The camera feedback on the display is just great, and sensibly better than most cameras. I showed it to many people and got a “wow” each time. The 2 Megapixel photos are nice, especially in broad day light. It could almost replace my Casio EXILIM EX-Z3. In darker conditions, the Nokia N70 is better than most phones, but won’t equal a pocket camera, even with the flash. However, the portability and dual camera/phone use of the N70 makes opportunistic photo snapping really useful. The N70 is also a very capable video-recording device and while it might not equal most dedicated digital camcorder, it certainly beats the crap out of most phones.
The S60 platform offers smart phone features such as data connectivity, email, SMS, calendar for the most popular ones. The phone internal software is very nice and stable. Unlike Windows Mobile or Palm OS, it didn’t suffer of any slowdown, crash or plain freeze. The embedded applications were good enough to let me do anything that I needed to without having to install additional software (this is quite hard on a Palm device…)
I hate to argue about which user interface (U.I) is better. If it’s not plain bad, it’s probably a matter of personal preferences and habits. The Nokia N70 U.I. is largely good enough and although I was annoyed by the number of click necessary to access a few functions, I got used to it after a week. The one thing that dampens it all is the the keyboard. I’ll get back to it at the end, but the keys are not comfortable to use to enter text, or dial.
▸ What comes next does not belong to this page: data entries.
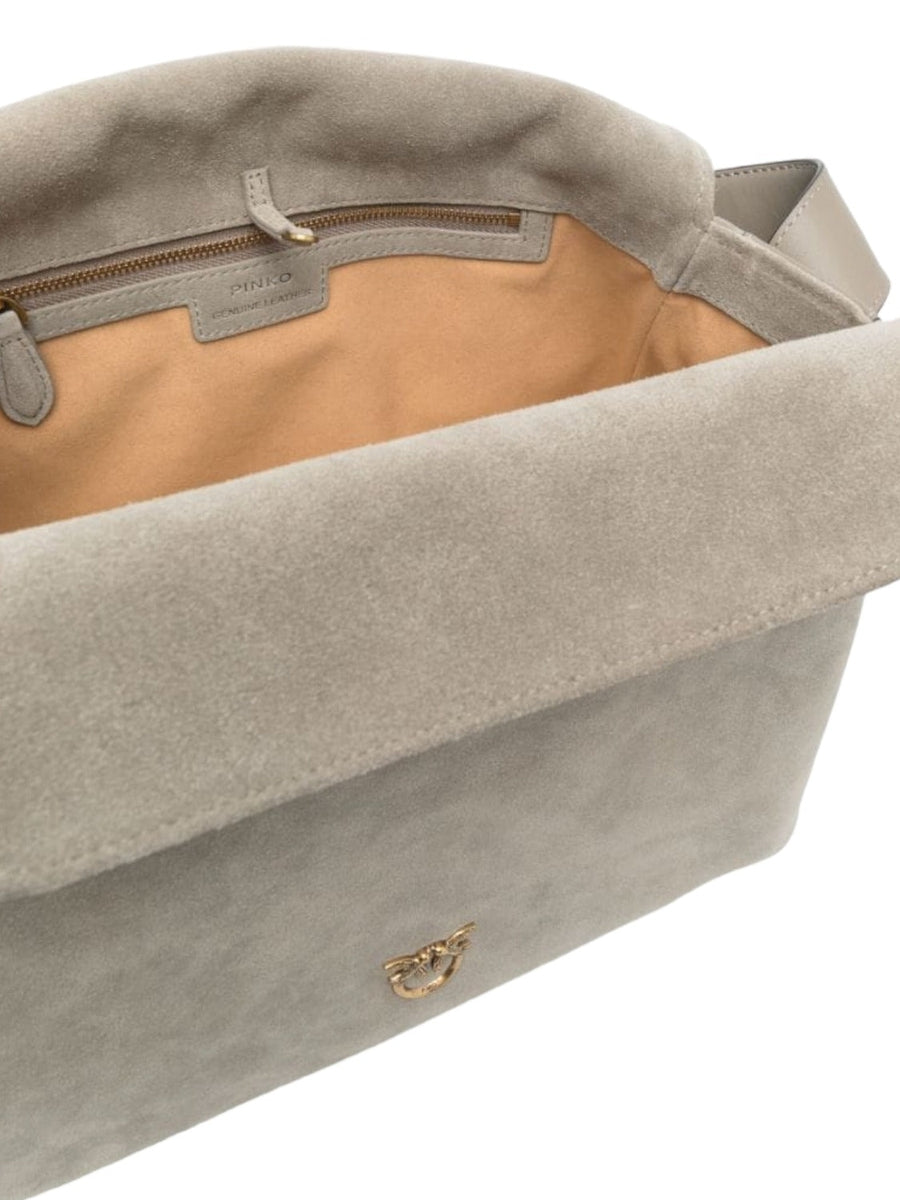 Big leaf bag hobo in suede-Borse a spalla-Pinko-Vittorio Citro Boutique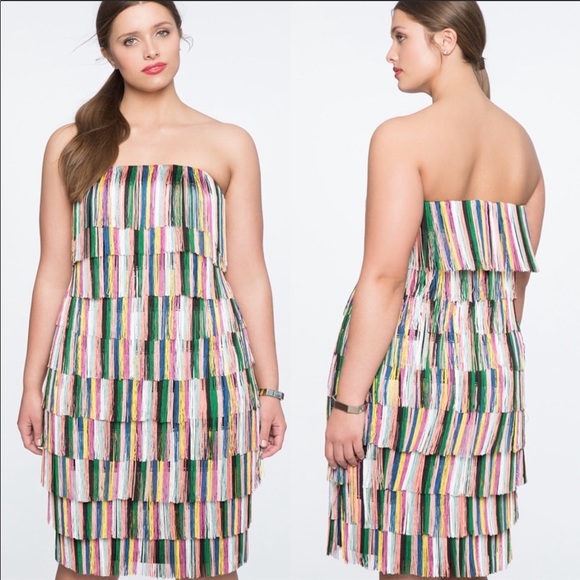 fringe dress size 20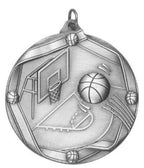 Basketball Medal – Antique Finish (2” Premium)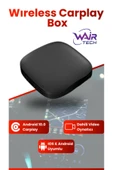 Wıreless Carplay Box Dönüştürücü Ios ve Android Uyumlu Kablosuz Multimedya Carplay Dönüştürücü - 1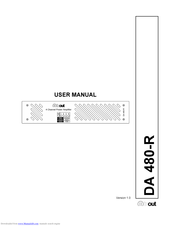 inout DA 480-R User Manual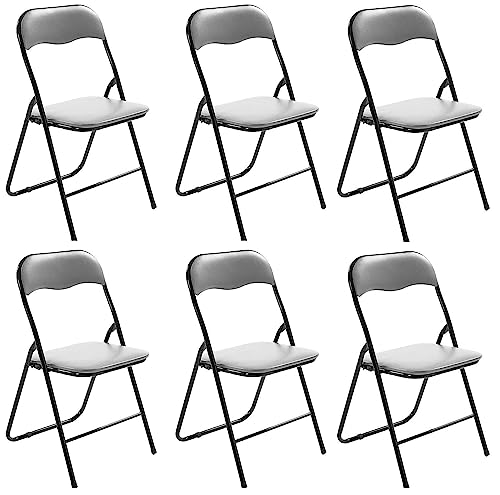 Sillas Plegables Comedor Pack 6 Marca GREAT AIGOO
Although phones are getting really smart a computer is often the base of operations. Emails, contacts and calendar are often synchronized with a computer. The Nokia PC Suite (we tested only on windows) is very good. Our Nokia N70 was synchronized with Outlook via Bluetooth (BT) and it worked like a charm. I just left Bluetooth on all the time and each time that I was in range of my laptop, I can sync at the push of a button. Leaving the BT on all the time didn’t affect the battery life too much. Although all this was working very well, I think that a better solution is to have an exchange server and over-the-air synchronization.
Upon arrival in France, the only thing that I needed to do is to pop a local SIM card and voila. GSM is great in most countries for frequent travelers. Try to do that with the CDMA Treo 700w… Obviously I could also use the roaming with my Cingular SIM, but thanks to ridiculously expensive rates, I didn’t.
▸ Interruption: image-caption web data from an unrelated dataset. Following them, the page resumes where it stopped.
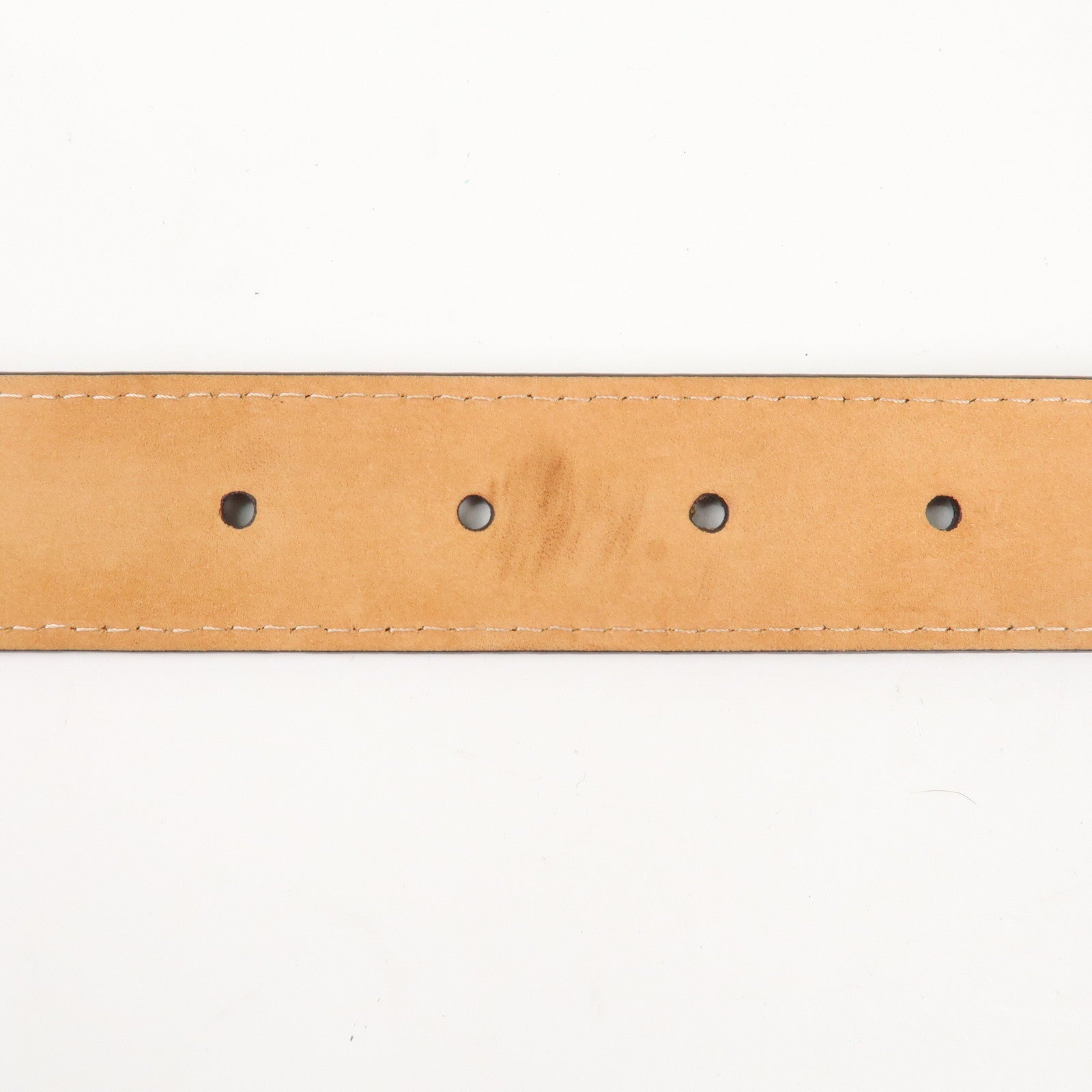 Louis Vuitton Monogram Saint Tulle Oval Belt 80/32 M9842 Used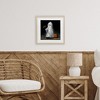 Stupell Industries Vintage Halloween Ghost & Pumpkin Framed Print Under Glass, Brown, 13" x 13" - 3 of 4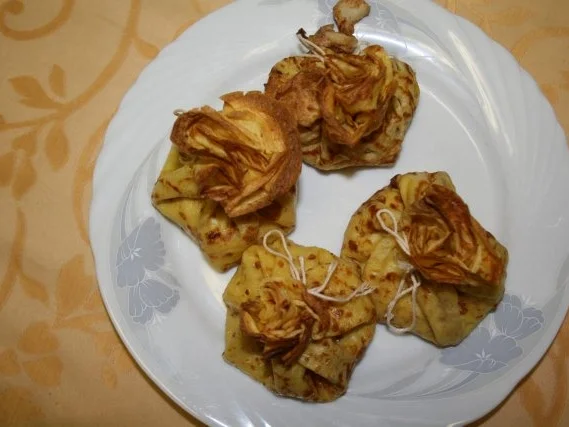 Crêpes-Beutel mit Apfelfüllung - Rezept - Bild Nr. 2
As good as the N70 is, it is not perfect, and Nokia could improve a few things. The keyboard is the thing that I would fix first. The keyboard of the cheaper Nokia 6682 is actually much more comfortable. The lack of USB charging cable out of the box is also disappointing. Nowadays, I get really annoyed to have to plug another power adapter, while most phones (or devices for that matter) support USB charging. USB is also much more practical when traveling abroad. I hope that this is not driven by a desire to sell more chargers because that would be really lame. Finally, the bright screen has a lower resolution that the phone deserves. A QVGA (320 x 240) display would have been much better than the 176 x 208 the N70 has.
It’s not perfect, but it’s pretty damn good. The Nokia N70 is definitely a high-end, stylish phone. The N70 is most capable for fast data access and low-intensity email and texting. Imaging features are above most phones. I would define the N70 as a smart (imaging) phone trapped in the shell of a candy bar cellphone: the inside is more powerful than what its body can handle.